Adam buys six bags of white balloons. Chen buys three bags of red balloons. Adam says, “I have four times as many balloons as Chen.” Explain why Adam is correct.
In this problem, we need to find an explanation why Adam has four times more balloons than Chen. Let’s look at what they buy. We’re told that Adam buys six bags of the white balloons. And we can see that each pack of white balloons contains 24 balloons. So the total of balloons that Adam buys is six multiplied by 24. Six is the number of bags, and 24 is the number of balloons in each bag.
What do we know about Chen? Well, we’re told that Chen buys three bags of red balloons. We know from the picture that each pack of red balloons contains 12 balloons. So the multiplication that we’d need to work out to find out how many balloons Chen bought is three multiplied by 12. The number of bags is three, and the number of balloons in each bag is 12.

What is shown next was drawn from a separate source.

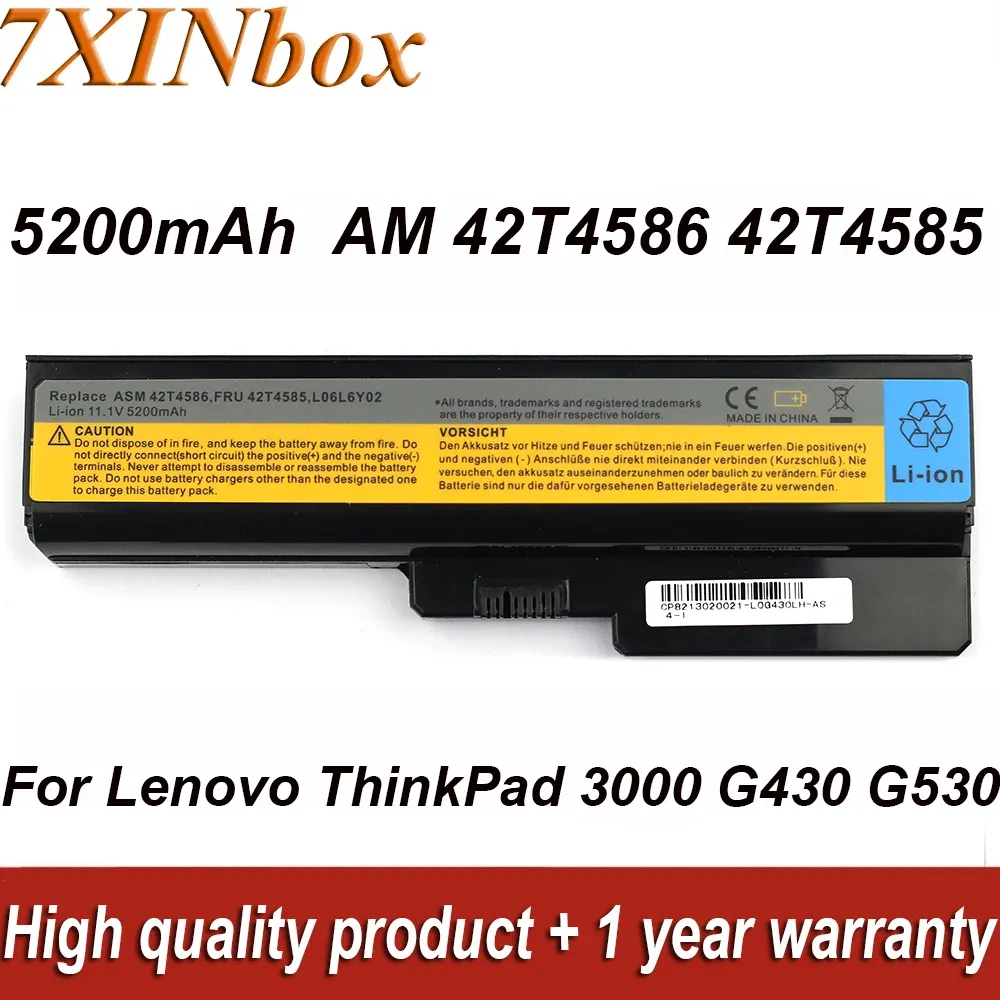 Baterie 42T4585 42T4586 11.1 V 5200 mAh bateria laptopa dla Lenovo Thinkpad 3000 G430 G530 G530M G450 G555 N500 IdeaPad B460 G430 Series Series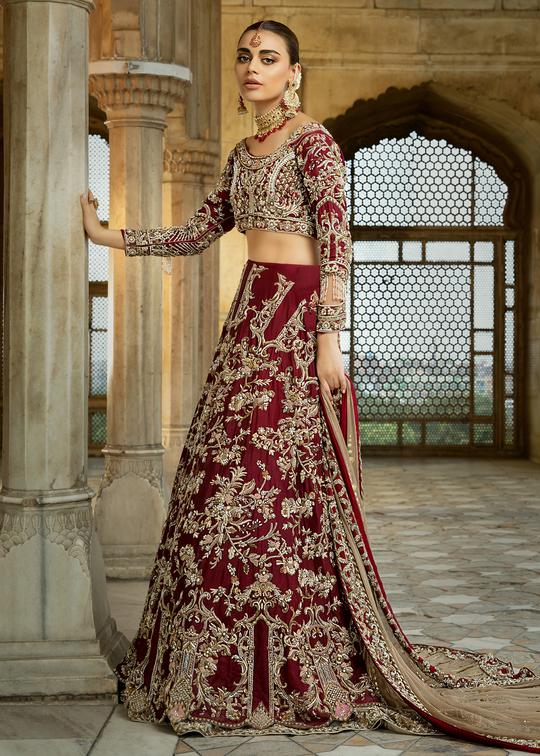 Pakistani Red Bridal Lehnga Choli for Wedding Side Look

Now we don’t need to calculate these answers. We simply need to explain why Adam’s right when he says that he’s bought four times as many balloons as Chen. Let’s start by comparing the number of bags that each person buys. Adam buys six bags of balloons. Chen only buys three bags of balloons. So we can say that Adam buys twice as many bags.
Now let’s compare the amount of balloons that are in each of their bags, because they’re different too. Chen has 12 balloons per bag, and Adam has 24 balloons per bag. Not only does Adam buy twice as many bags, but each of his bags contain twice as many balloons. 12 doubled is 24. And so we know that if there are twice as many bags and each bag contains twice as many balloons, multiplying by two and then by two again is the same as multiplying by four. And so that’s how Adam knows that he has four times as many balloons as Chen.
Now we need to just write this as an explanation. How do we know Adam is correct? Well, because Adam buys twice as many bags. His bags each contain twice as many balloons. So Adam buys two times two or four times as many balloons as Chen.